*** Data to examine ***
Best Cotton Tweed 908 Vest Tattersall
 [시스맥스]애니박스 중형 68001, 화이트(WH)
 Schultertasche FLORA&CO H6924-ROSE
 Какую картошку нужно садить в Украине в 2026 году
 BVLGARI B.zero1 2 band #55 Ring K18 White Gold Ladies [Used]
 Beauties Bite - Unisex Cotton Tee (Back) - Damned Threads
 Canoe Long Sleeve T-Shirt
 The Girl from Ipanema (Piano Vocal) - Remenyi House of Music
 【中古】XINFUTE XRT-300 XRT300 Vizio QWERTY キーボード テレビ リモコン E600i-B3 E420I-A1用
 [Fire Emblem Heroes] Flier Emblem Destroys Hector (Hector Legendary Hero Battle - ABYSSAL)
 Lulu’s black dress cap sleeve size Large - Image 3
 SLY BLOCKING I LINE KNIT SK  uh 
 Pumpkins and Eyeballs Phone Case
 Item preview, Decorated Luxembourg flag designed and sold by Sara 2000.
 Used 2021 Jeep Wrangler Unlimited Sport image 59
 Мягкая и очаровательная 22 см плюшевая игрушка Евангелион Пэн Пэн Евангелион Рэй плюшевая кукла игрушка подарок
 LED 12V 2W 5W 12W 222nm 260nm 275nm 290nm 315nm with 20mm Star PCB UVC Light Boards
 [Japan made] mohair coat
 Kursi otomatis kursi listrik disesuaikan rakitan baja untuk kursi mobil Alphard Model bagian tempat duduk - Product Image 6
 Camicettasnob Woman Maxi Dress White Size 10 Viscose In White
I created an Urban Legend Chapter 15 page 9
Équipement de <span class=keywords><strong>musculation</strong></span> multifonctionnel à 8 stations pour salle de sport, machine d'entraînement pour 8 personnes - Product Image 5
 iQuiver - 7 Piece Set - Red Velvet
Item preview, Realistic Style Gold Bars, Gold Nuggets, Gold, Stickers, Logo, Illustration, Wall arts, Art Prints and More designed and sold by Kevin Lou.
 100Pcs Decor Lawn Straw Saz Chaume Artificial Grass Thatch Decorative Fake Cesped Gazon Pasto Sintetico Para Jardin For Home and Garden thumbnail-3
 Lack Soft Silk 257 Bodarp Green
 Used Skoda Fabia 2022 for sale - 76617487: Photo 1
*** End of Data to examine ***
The expected output is a verbatim retyping of each line from the one with "Item preview, Realistic" to the end of the listing above, with both end lines kept and nothing added.

Answer to this exercise —
Item preview, Realistic Style Gold Bars, Gold Nuggets, Gold, Stickers, Logo, Illustration, Wall arts, Art Prints and More designed and sold by Kevin Lou.
 100Pcs Decor Lawn Straw Saz Chaume Artificial Grass Thatch Decorative Fake Cesped Gazon Pasto Sintetico Para Jardin For Home and Garden thumbnail-3
 Lack Soft Silk 257 Bodarp Green
 Used Skoda Fabia 2022 for sale - 76617487: Photo 1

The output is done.